El psiquiatra de pelo ensortijado entra en la jaula de los urtianos, mira a su alrededor y encuentra a su carcelero. Éste le promete la iniquidad como premio a sus esfuerzos por sobrevivir. Char echa de menos, como un esquizo cualquiera, una presencia relajante (tipo Gill) en su cerebro.
En ese momento se dio cuenta de una cosa: cuando Mel entró en su consulta, las palabras que dijo fueron, textualmente: «Gill ya ha comenzado a funcionar mal». No «Gill se ha desatado y está volviéndose loca», ni «¿sabes?, Gill está estropeada». Dijo: «ya ha comenzado». Como si lo esperase. Como si fuera algo inevitable que Mel llevaba esperando desde hacía años, una profecía de cuyo cumplimiento no podía esconderse. La narración en tercera persona de su cabeza incorporó este fatalismo al sueño de la razón:
Charlemagne ya ha caído presa del destino, y no puede escapar. Está jodido.
Ahora desplegaría una elaboración lapidaria de su propia locura, la que vaciaría su cuerpo hasta convertirlo en una caseta de pájaros abandonada, un cadáver deshabitado. Maldita sea, dentro de poco puede que incluso viera rinocerontes.
—A partir de ahora nunca más estará solo, Charlemagne —dijo Verk, dándose cuenta de que el psiquiatra había comenzado a desaparecer—. Puede contar con ello.
—¿Qué ha sido de los demás?
—Si se refiere a los soldados y a los habitantes de la laguna… Bueno, en tiempo de guerra podrían considerarse bajas razonables. Como ese marsupial tan encantador.
Verk desapareció tan silenciosamente como había llegado. La puerta seguía abierta, por lo que Charlemagne dedujo que se trataba de una invitación. Por qué los poderes secretos jugaban al secretismo cómplice con él, era algo que Charlemagne no sabía. Puede que aquel guardián humano también estuviese jugándose su propia cordura allí dentro, o que la experiencia impedía una teoría más elegante. Ése era, precisamente, el problema de fondo de la realidad: que la teoría más simple para explicar un determinado conjunto de datos no solía ser la correcta. La maldita Creación prefería el barroquismo.

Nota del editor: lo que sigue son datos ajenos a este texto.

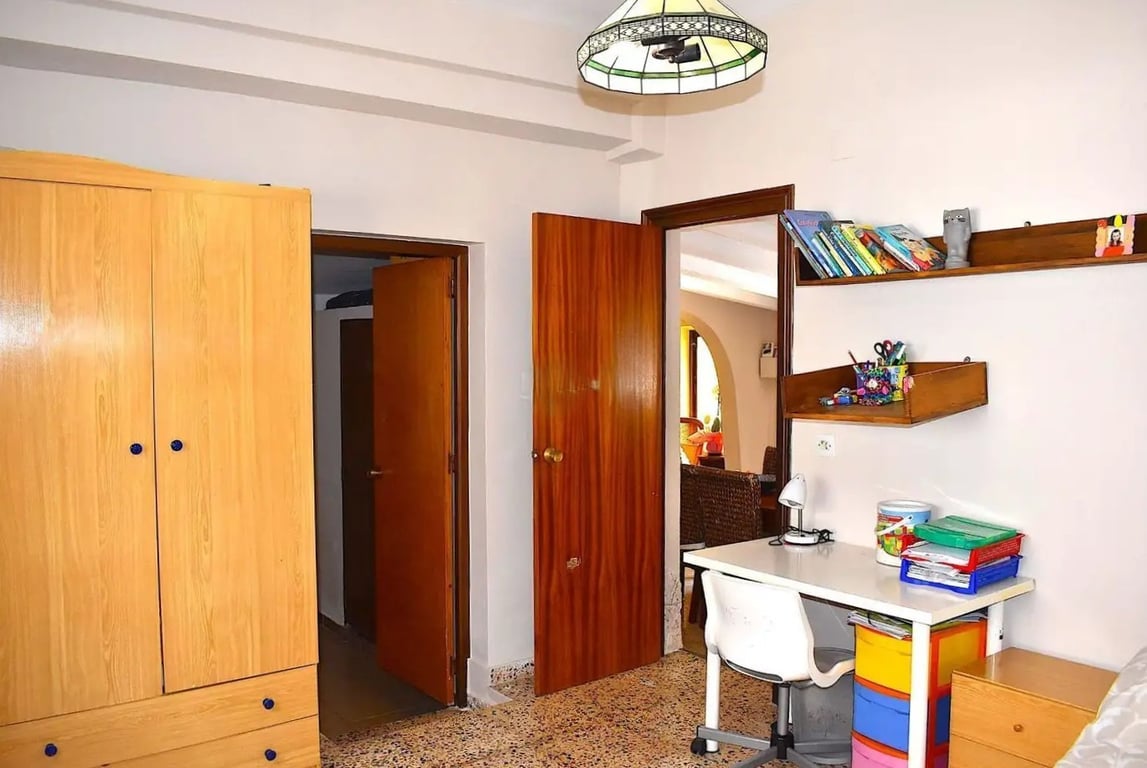 Property #RH20365 - 17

Y Char estaba comenzando a sospechar que no era por un afán de detallismo, sino por un simple y vergonzoso complejo de inferioridad.
Resignándose, Char (que ya estaba hueco), el protagonista de aquel cuento sin asomo de cordura, echó a andar por el pasillo, a sabiendas de que al final bien podía estarle esperando un rinoceronte.